What my data looks like
I run certain numerical simulations in numba.
The output is a set of numpy arrays; each array represents a metric, and each array has shape (periods x items)
.
E.g. metric_1[p,i]
tells me the value of metric_1 at time p
for item i
.
Each item belongs to a certain category - let's say red and green just for the sake of an example.

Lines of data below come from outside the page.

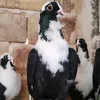 🦅بطل ميسان 🦅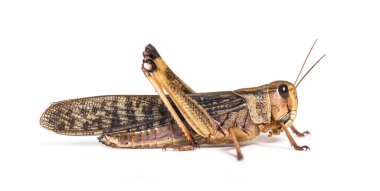 Side view of Adulte Desert locust, Schistocerca gregaria, isolated clipart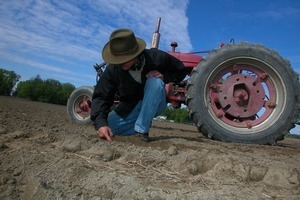 Lazy Acres Farm (Zuchowski Farm): Allan Zuchowski inspecting the soil in a corn field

The one-dimensional array categories
tells me exactly this - e.g. categories[0]='a'
means the first item belongs to category a. Conceptually, this is like having a pandas multi-index "flattened" into another array.
What I am trying to do
I want to group by category, and create the array
metric_1_grouped
of dimensions(periods x categories)
, etc.I want to create one dataframe per category, and one with the sum of all categories, where each row is a period and each column is a metric
The problem itself is fairly banal, but my question is what is a good way to do this as efficiently as possible, since I have to do this many times? A typical case would be:
- 300 periods
- 12 metrics
- 500,000 items
- 6 categories
Why I think this question is not a duplicate
I am aware of a few questions asking if there is a groupby equivalent in numpy, e.g. Is there any numpy group by function? but those are different because they all group by an element of the array itself. That is not what I am trying to do - I need to group, yes, but not by any element of the array itself, but rather by matching the column numbers to another array.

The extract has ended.